Distributed Software Architecture Styles

A collection of independent software and hardware components networked together and communicating to achieve a common goal to deliver one or more business functionality is the main behavior of distributed software architecture. The distributed nature of the components allows to scale each component interdependently while being fault tolerant, because unavailability of a single component will not impact the whole system functionality. Moreover isolated processing of each component will increase maintainability of the whole system.

There is nothing of the sort called correct architecture for a distributed system and it is decided by a qualified architect along with the necessary justifications based on the given context, feasibility, budget and many other technical and non-technical factors.

However there are different set of architecture styles available in general to implement distributed software architecture and each style exist with its own pros and cons. We will discuss those primary distributed software architecture styles along with their trade-offs.

Microservices Architecture

When each of the component in distributed architecture is complying to the principal of single-responsibility and they are independently deployed along with it’s own data complying to the share nothing principal, a mesh of microservices will be created.

Microservices will get invoked via an API gateway by their consuming clients to preserve a single entry point and a central control of other cross-cutting concerns such as security and auditing. And inter-microservices communication will be conducted through microservice network and API interfaces.

In order to further optimize the internal API calls, all microservices will be registered in shared configuration called a service registry. The service registry will hide the network configuration complexity of microservices by exposing a network identifier (IP / port) to service-name mapping where a microservice will be discovered by other microservices using the service name.

As mentioned above, one of the primary principal in microservice is complying to share nothing principal which is resembled by the concept of bounded-context. And a microservice will be the sole owner of it’s service and data within it’s bounded-context and the only way to access or modify data is via the exposed API interface of the microservice.

One of the advantage in this architecture is independent deployment of components without impacting other business functions of the system. Further the components are able to achieve scalability and elasticity of specific business functions based on the demand which will result in saving unnecessary hardware and network resource consumption. Microservices are able to achieve service level resiliency by adopting patterns such as circuit-breaker, bulk-head to make the architecture fault tolerant. And this decoupled nature of services increase maintainability and testability of individual services.

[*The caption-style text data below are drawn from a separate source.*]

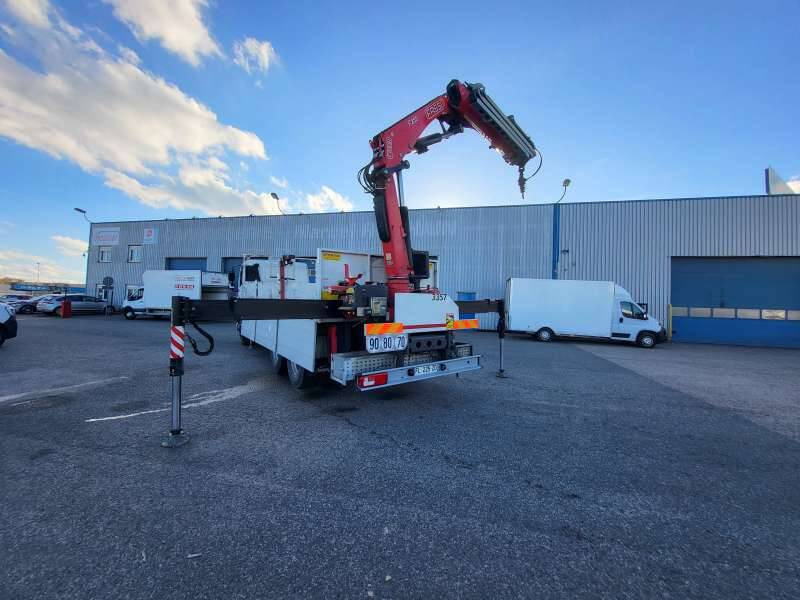 Camion Porteur CAMION GRUE 26 TONNES 410 CV 6X4 - Camião de caixa aberta/ Plataforma, Camião grua: foto 1 Camion Porteur CAMION GRUE 26 TONNES 410 CV 6X4 - Camião de caixa aberta/ Plataforma, Camião grua: foto 1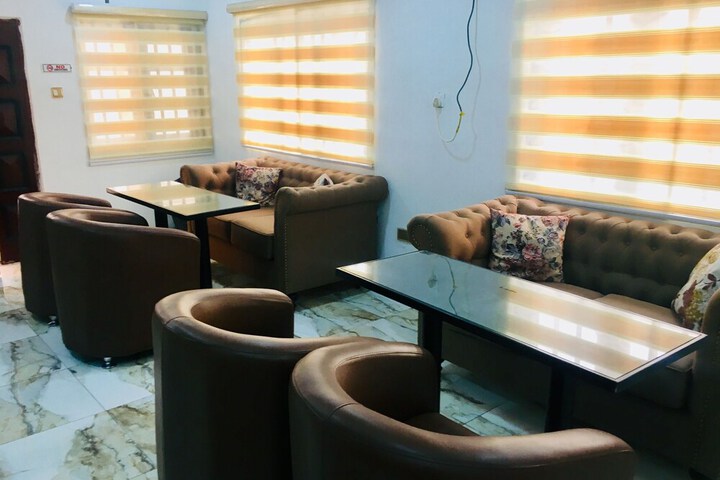 Lounge 42 of 45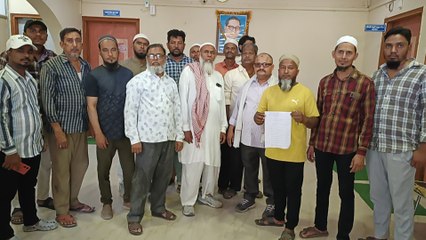 नगर निगम पहुंचकर किया विरोध, सडक़,नाली निर्माण की मांग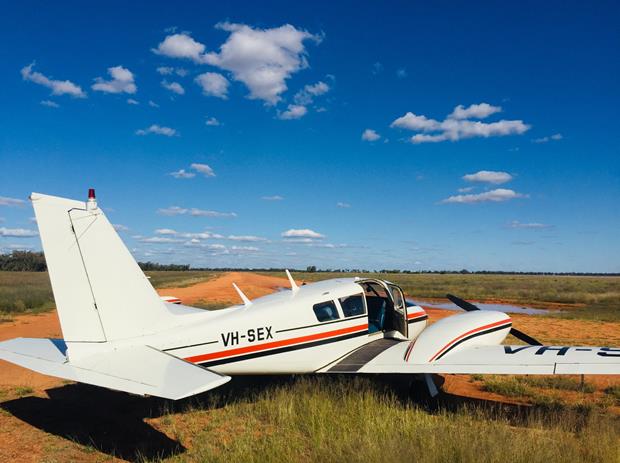 Piper Aircraft Corp PA-30 — image 2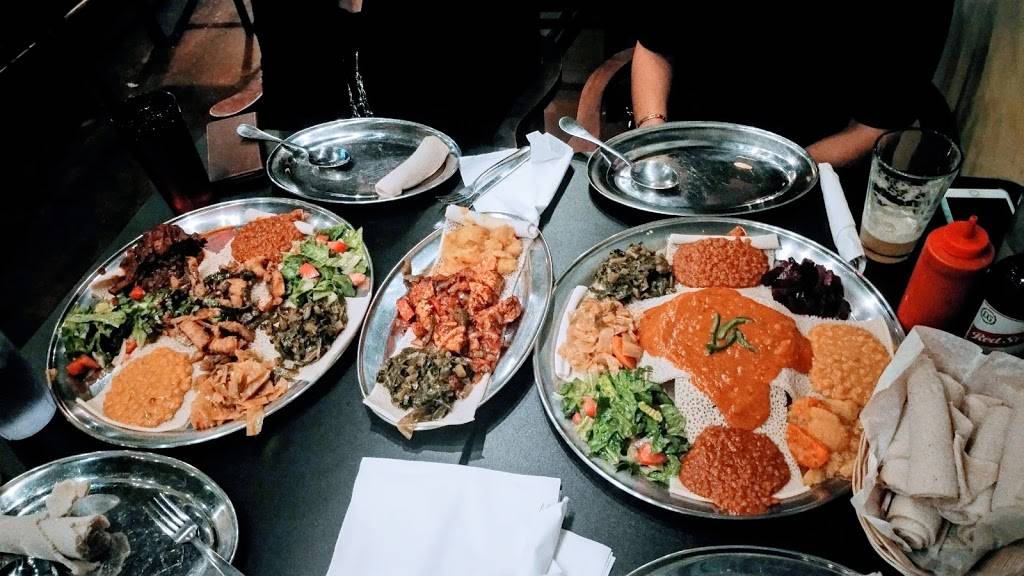 Blue Nile Ethiopian Kitchen | restaurant | 1788 Madison Ave, Memphis, TN 38104, USA | 9014747214 OR +1 901-474-7214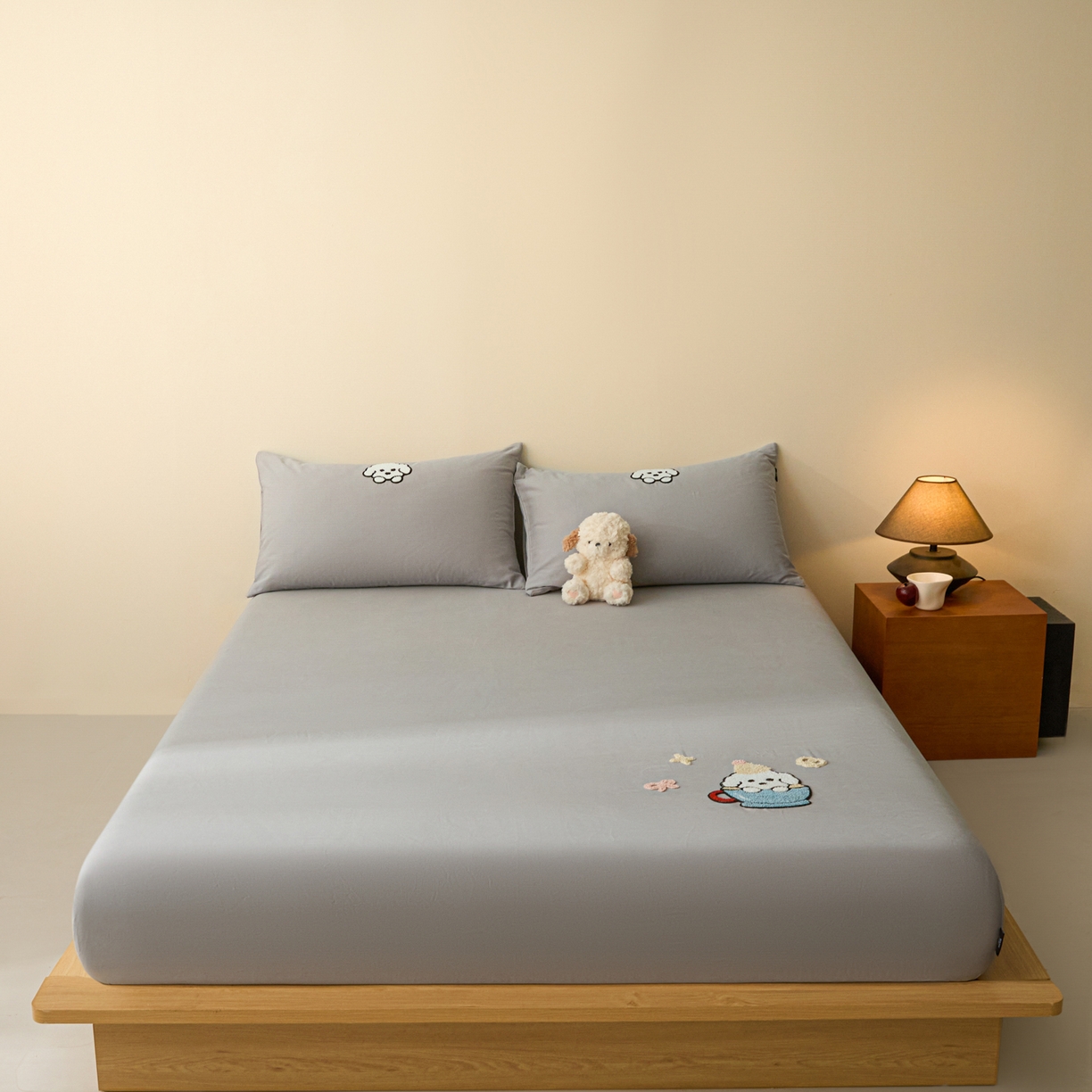 锦觅 2025新款100S全棉长绒棉陶瓷磨毛绣花纯色单品床笠三件套 茶杯狗狗（太空灰）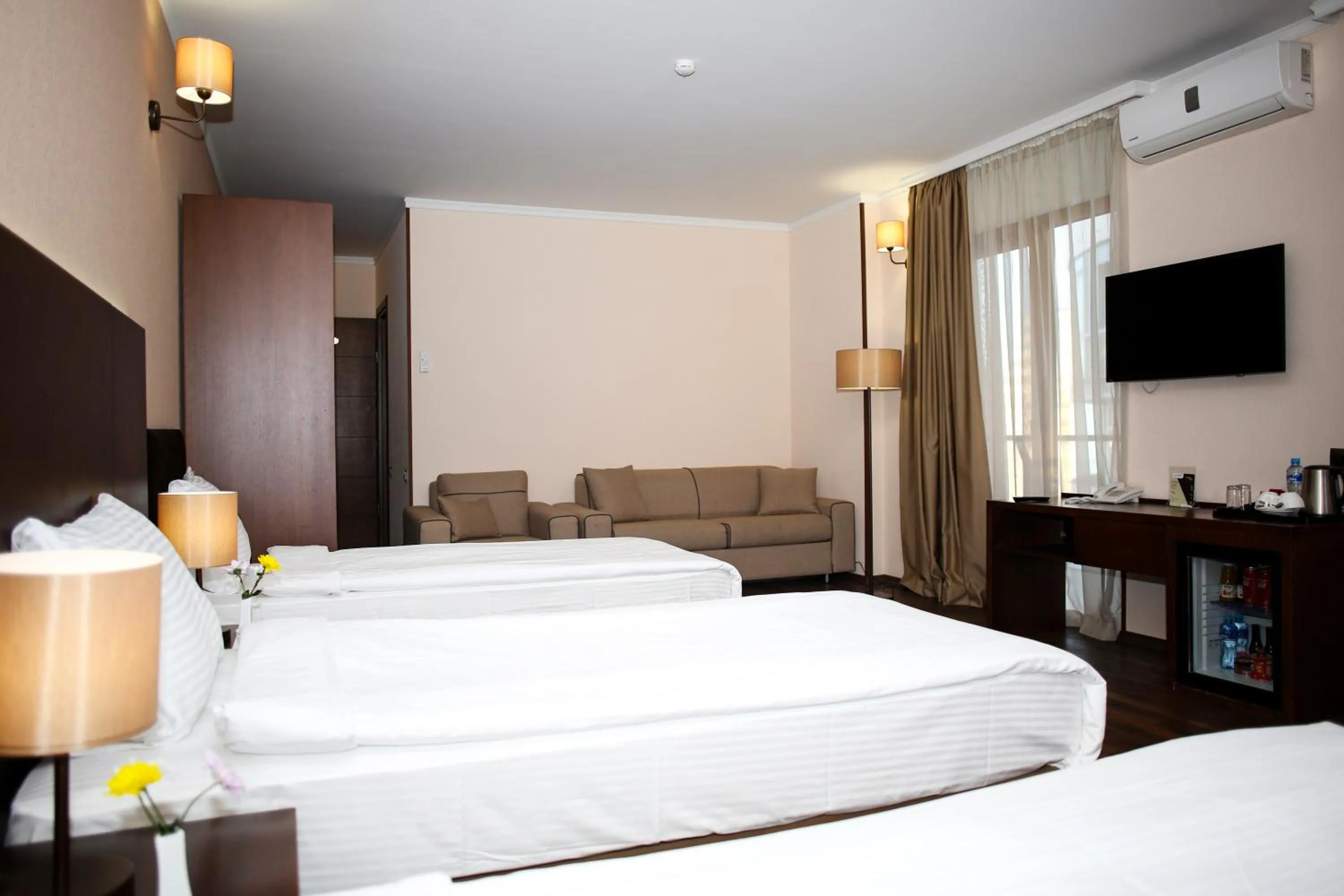 Communal lounge/ TV room, Bed in Hotel Corner Inn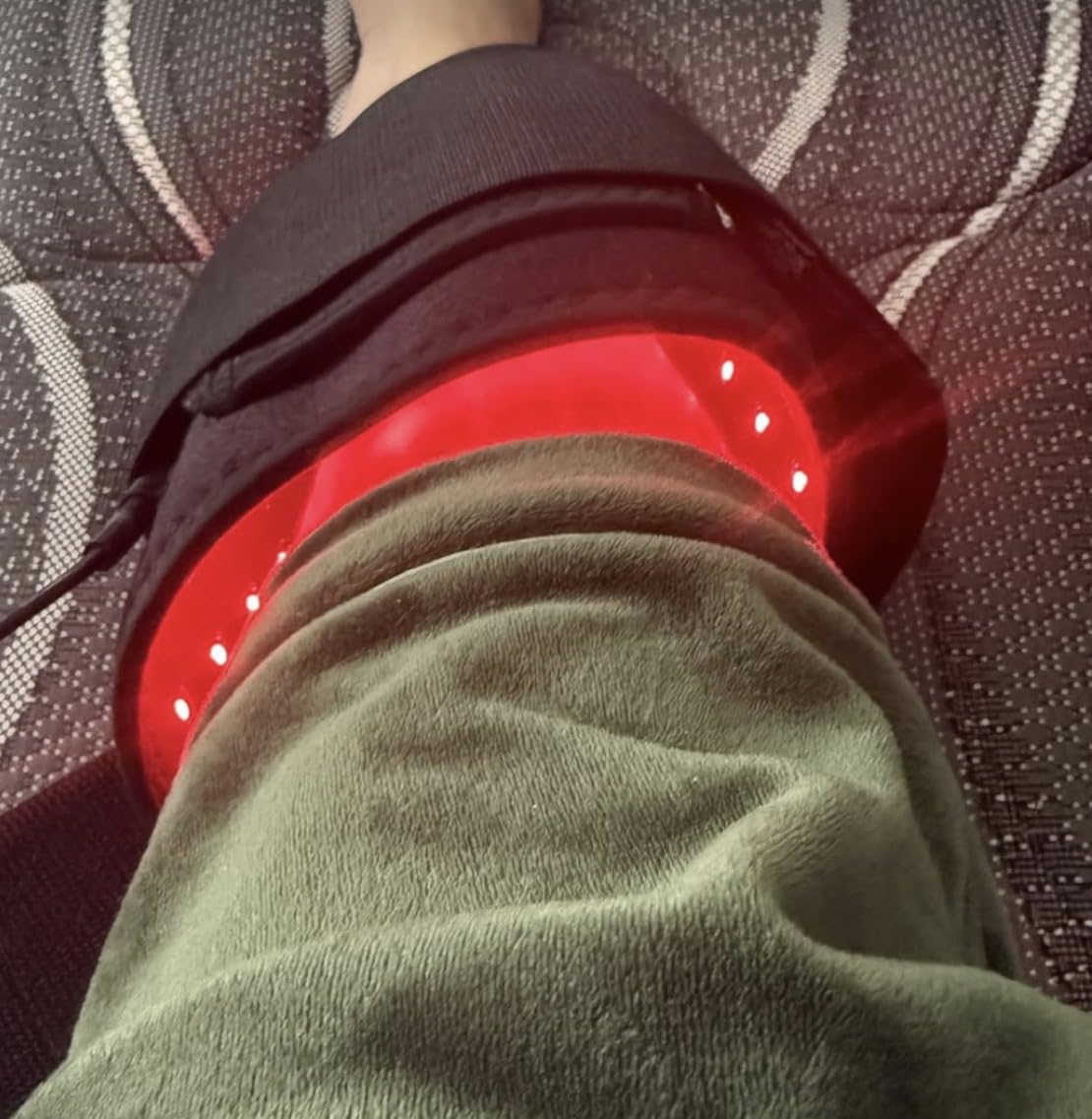 Red Light Therapy Pad for Body Back Knee Shoulder Hands Feet Portable 660nm 850nm Home Use 3 Chips in 1 Infrared Light Heating Wrap Belt Gift for Women Men (Corded) customer photo 2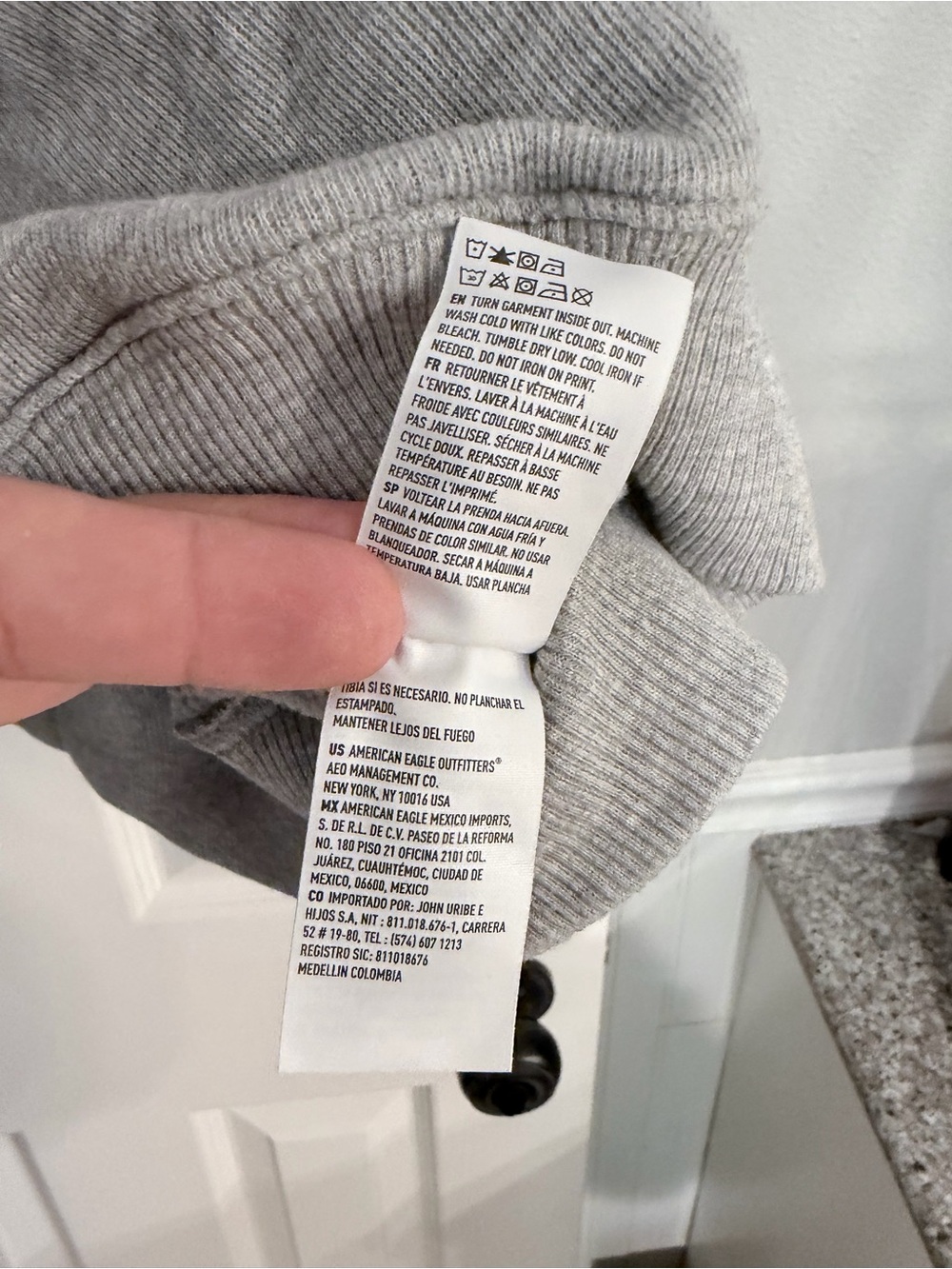 American Eagle Seriously Lived In Gray Crewneck Sweatshirt Large - Picture 7 of 8
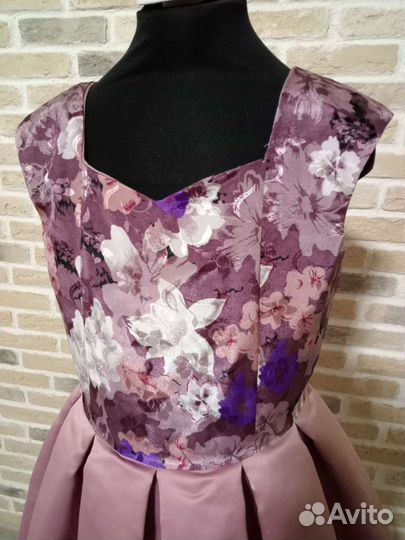 Платье для девочки 128-134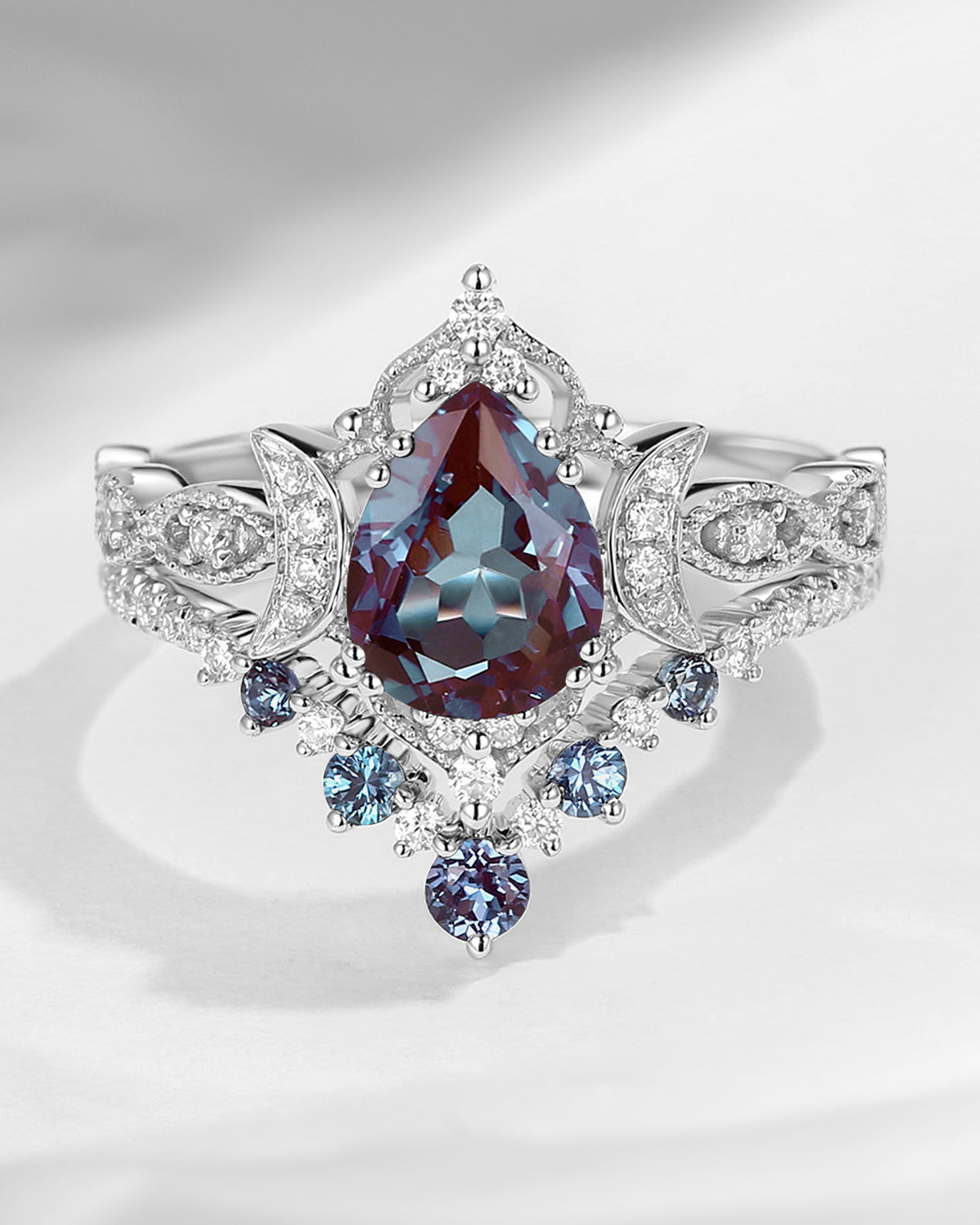 Crescent moon | Pear Shaped Alexandrite Ring Set 2pcs
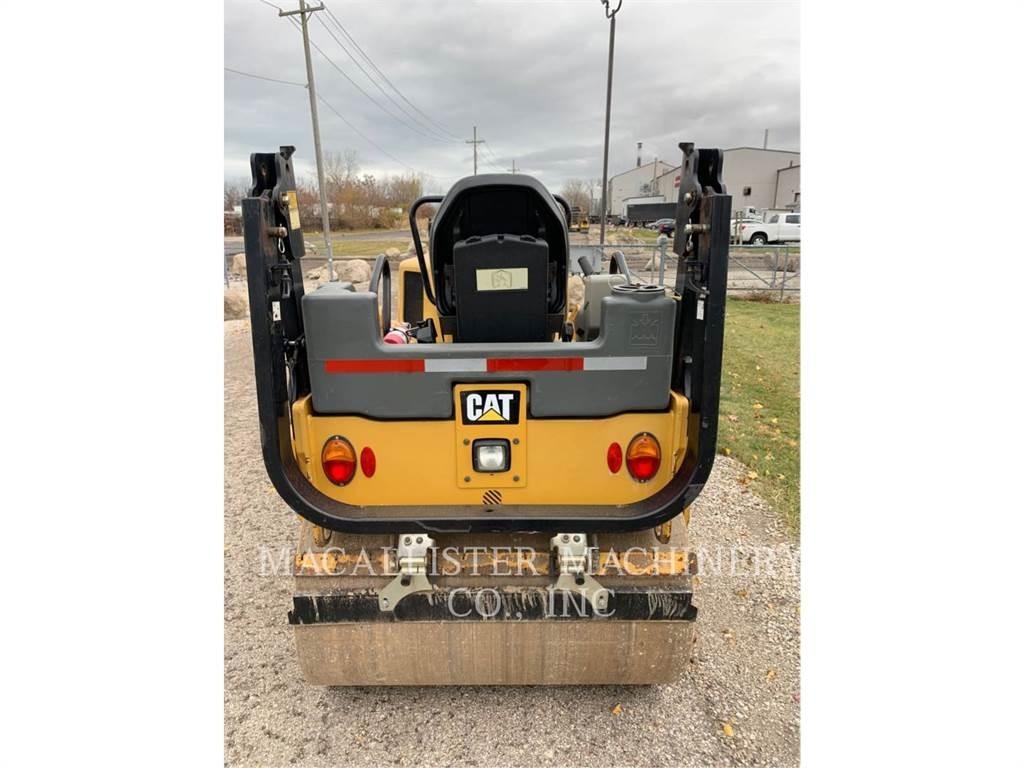 CAT CB34B Катки тротуарные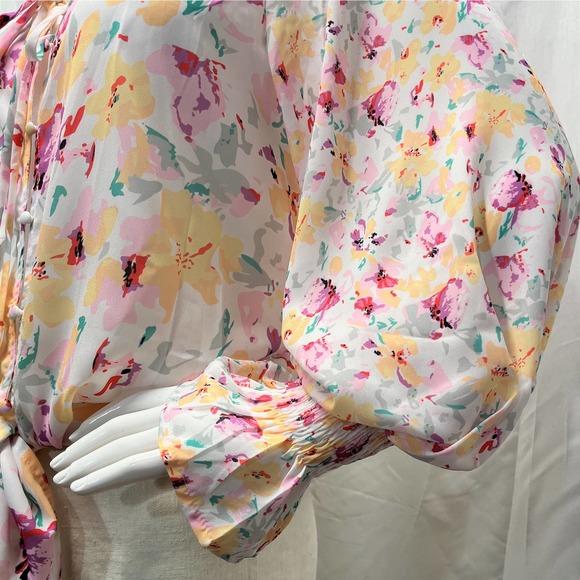 Springtime blouse just in time for bloom floral-inspired soft & feminine - Picture 8 of 10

And there are some trade-offs to be considered before continue with microservices architecture where this is not suitable for course grained services and it performs well with fine grained services. Moreover this need more cultural changes from development and testing team perspective if the team culture is developed by engaging with monolith software systems in the past. Over the time communication complexity will be added when more microservices are added in to the architecture. Therefore it is important to follow clear grouping of business functions into their specific domains when defining new services to reduce unnecessary inter-microservice communication which is also known by the term of ‘Distributed Big Ball of Mud’.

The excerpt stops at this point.